Requirement: Nothing but the lines from the one including "Reflective Personalized Dog" through the last line of the entries, restated exactly, should appear in the answer; omit the pictures.

(Image-text web data)
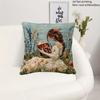 Enchanting 2D Printed Pillow Cover: Girl Reading Book Amidst Floral Wonderland Sofa cushion cover, home decoration, 2D printing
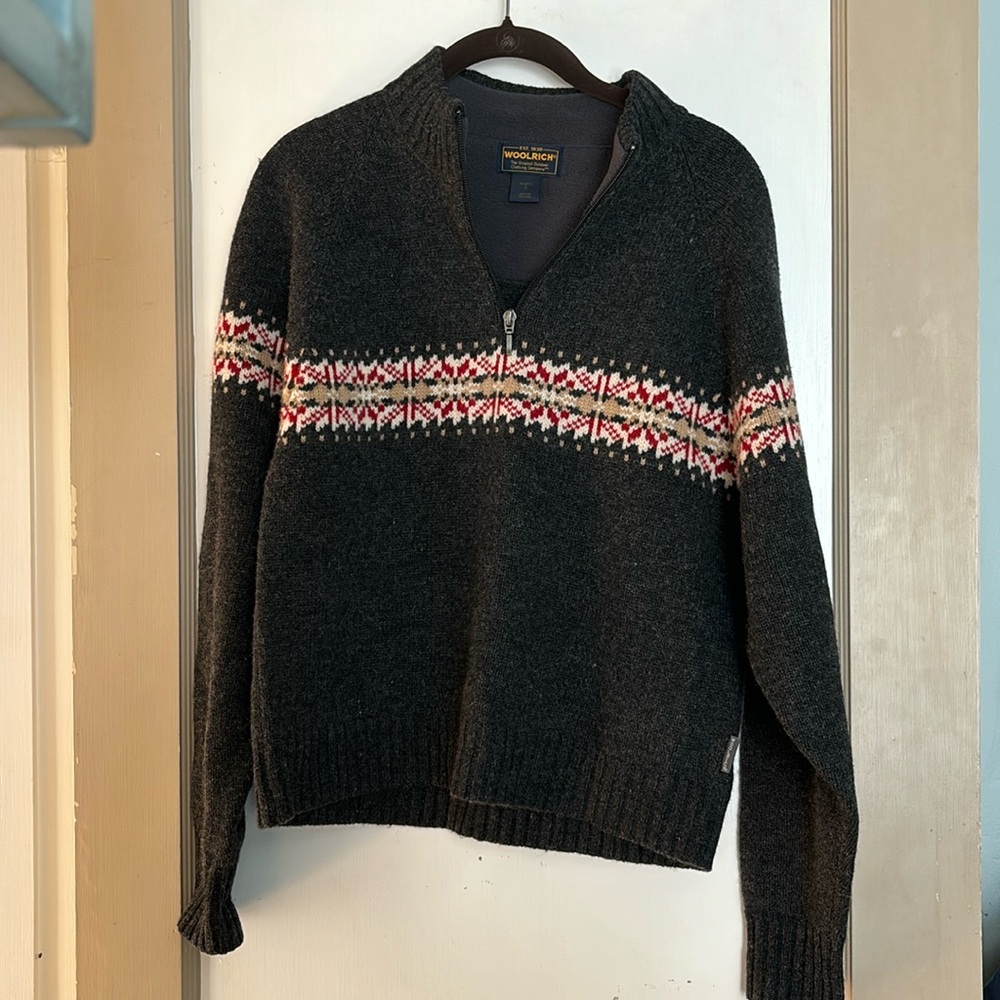 Woolrich 1/4 zip 100% lambs wool sweater S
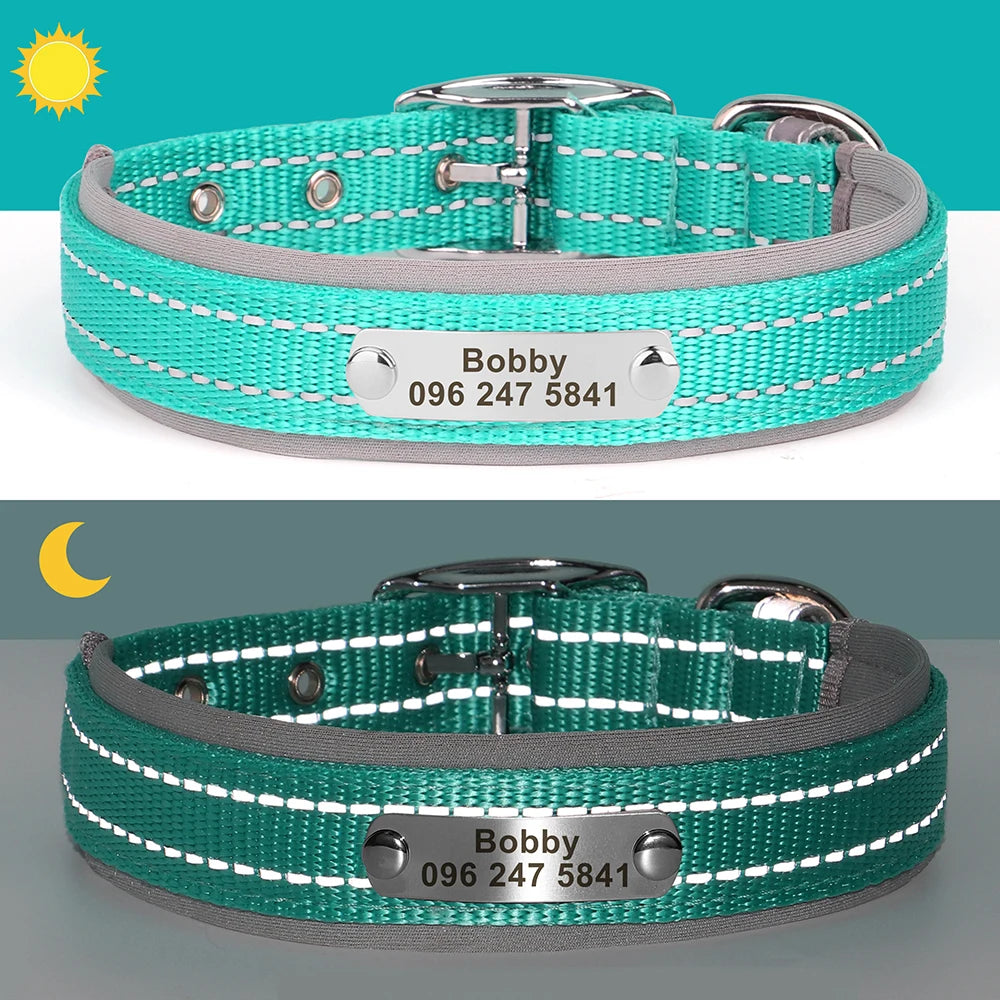 Reflective Personalized Dog Collar with ID Tag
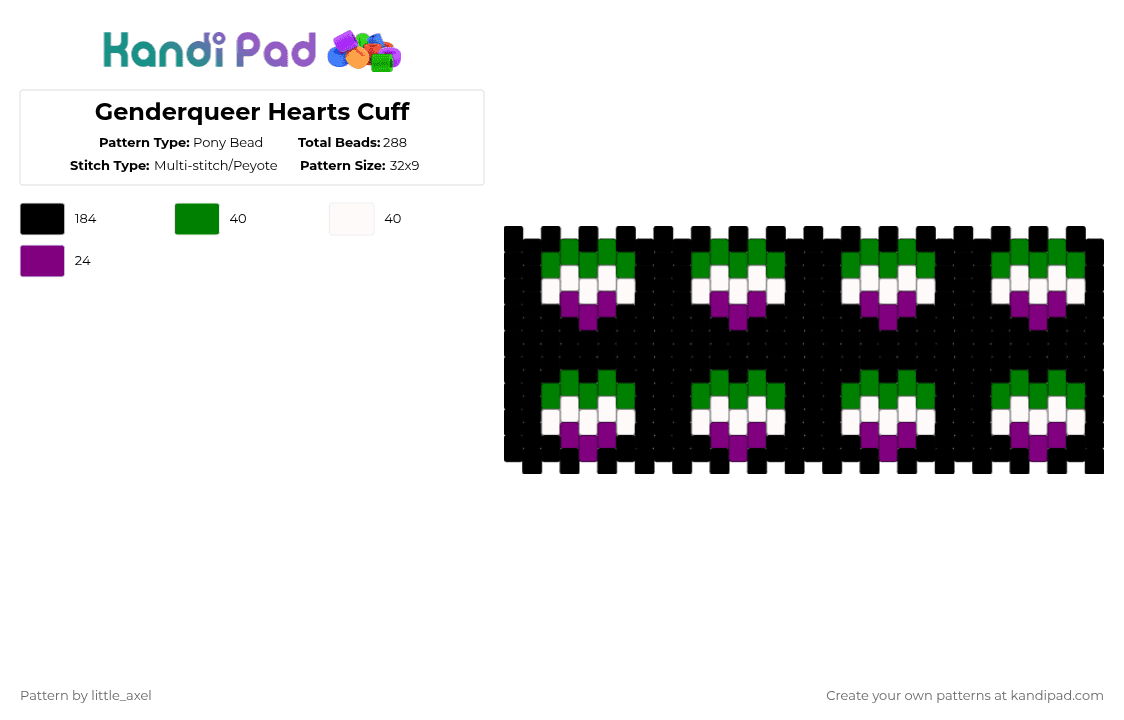 Genderqueer Hearts Cuff - Pony Bead Pattern by d1n0_ell1ot on Kandi Pad - black,green,pink,pride,trans,white,purple,cute,gay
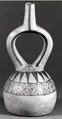 Geometric Pattern Bottle, Ceramic, pigment, Moche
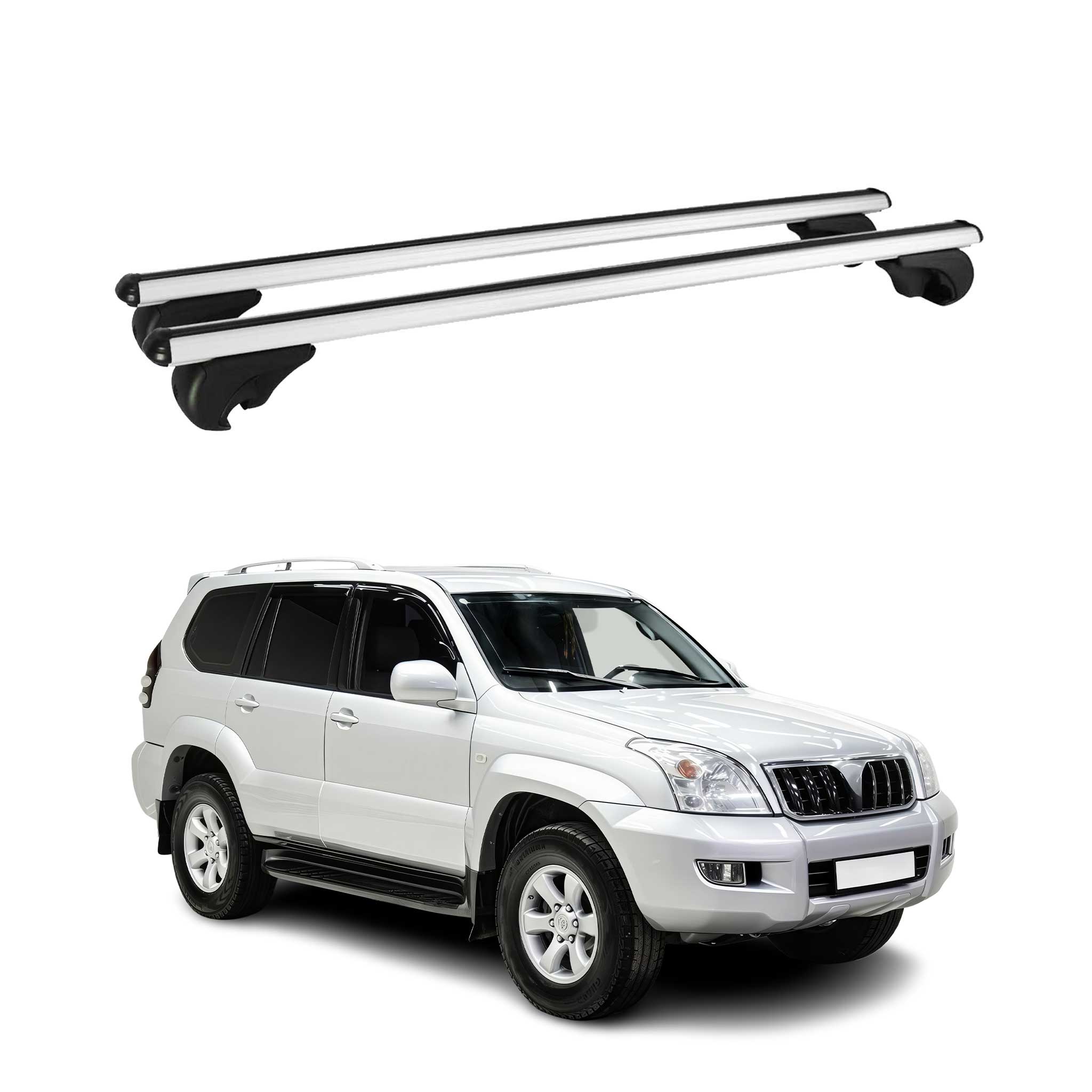 Omac Aluminium Dachträger Querträger Für Toyota Land Cruiser J100 1998-2007 – Tüv / Din 75302:2019 – Abschließbar – Max. 75 Kg – 2 Stangen Silber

Answer below:
 Reflective Personalized Dog Collar with ID Tag
 Genderqueer Hearts Cuff - Pony Bead Pattern by d1n0_ell1ot on Kandi Pad - black,green,pink,pride,trans,white,purple,cute,gay
 Geometric Pattern Bottle, Ceramic, pigment, Moche
 Omac Aluminium Dachträger Querträger Für Toyota Land Cruiser J100 1998-2007 – Tüv / Din 75302:2019 – Abschließbar – Max. 75 Kg – 2 Stangen Silber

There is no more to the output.